Information about the US-Iranian nuclear dialogue is no longer “sensitive.” For Obama it’s a done deal
Some US and Israeli media have reported that the Obama administration reduced the exchange with Israel of sensitive information about its nuclear negotiations with Iran – because Binyamin Netanyahu has leaked “details of the US position to the media.”
This is a skewed account of the situation. The fact is that US President Barack Obama and Iran’s President Hassan Rouhani have agreed on the final draft of a comprehensive nuclear accord. Its terms are therefore an open secret. The deal would be in the bag if Iran’s paramount leader Ayatollah Ali Khamenei could be brought round to endorsing it.
For now, Washington and Tehran are using media spin tactics in an effort to persuade him. Those tactics were dismissed as “unprofessional media games,” by Iranian Foreign Minister spokeswoman Marzieh Afkham Sunday, Feb. 15, when she denied a Wall Street Journal report that Khamenei had answered a letter from the US president.
"There has been no new letter from Iran's side," she asserted in reference to a letter from Obama to Khamenei last October which, according to the US press, suggested cooperation with Iran in fighting the Islamic State.
No reference was made to the nuclear issue in her remarks. The Iranian leader preserves a sphinx-like silence, which has nothing to do with Binyamin Netanyahu, but does in fact refute Obama’s propaganda game that pins the blame on the Israeli prime minister.
For five years, Obama ran a back-channel dialogue with Iran. Then too he kept its content secret not just from Israel but from other closely affected allies, Saudi Arabia and certain Gulf emirates. Israel at times offered Washington relevant intelligence on Iran, but was rebuffed.
The Israeli opposition campaigning against Netanyahu and his Likud party for the March 17 election has seized on this dispute to accuse him of jeopardizing the country’s strong ties of friendship with the United States – when in fact it is a one-on-one brawl with the US president.
Relations would be seriously harmed only if Obama went all the way and cut off military and intelligence ties, a step that would hurt America’s strategic interests no less than Israel’s.

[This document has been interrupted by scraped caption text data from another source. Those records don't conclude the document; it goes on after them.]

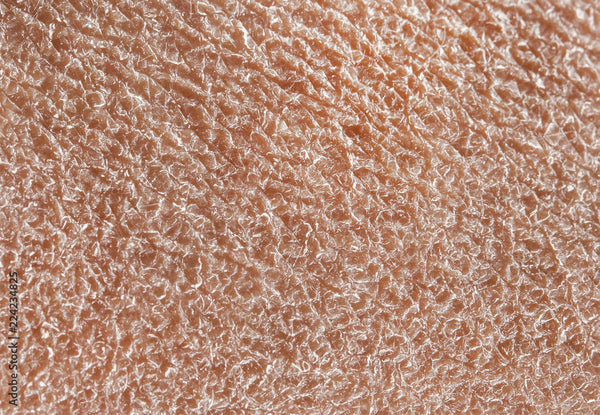 Dry Skin Up Close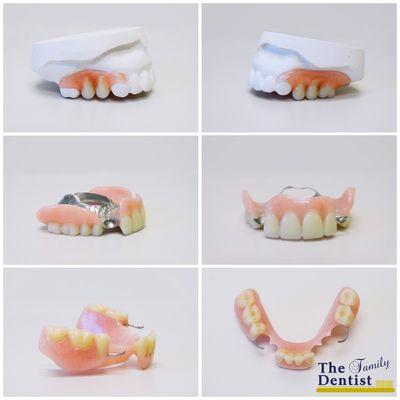 Partial dentures for all kind of needs and desires!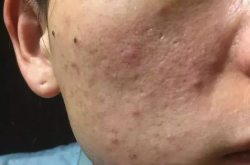 痤瘡的治療方法,綜合療法，告別青春痘困擾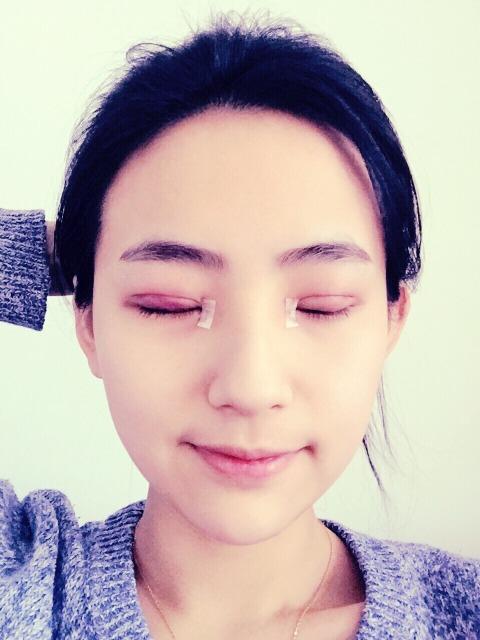 双眼皮手术想割就割了，在意别人的眼光干什么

And indeed, Philip Gordon, the Middle East director for President Obama’s National Security Council, arrived in Israel Monday, Feb. 16 for meetings with Israeli national security adviser Yossi Cohen and Intelligence Minister Yuval Steinitz.
Only last week, Washington had to admit that US intelligence had been taken by surprise by the fall of the pro-American regime in Yemen and Sanaa’s takeover by the Iranian-backed rebel Houthis. While reluctant to admit as much, the administration was deeply disappointed by this act of deceit by Tehran, on which the White House counts heavily for military and intelligence cooperation as a trusted ally in the future war against the Islamic State.
Out of Obama’s intelligence loop on Iran, Israel may be equally reluctant to share its intelligence data on Yemen or even on the situation in Syria and Iraq.
Israel’s Netanyahu is not the only Middle East stand-out against Obama’s Iranian policy. Other leaders are in even worse relations with Washington. The Obama administration and Egyptian President Abdel-Fatteh El-Sisi are not even on talking terms, much like the late Saudi monarch Abdullah who died last month. His successor, King Salman has yet to make his intentions towards the United States known.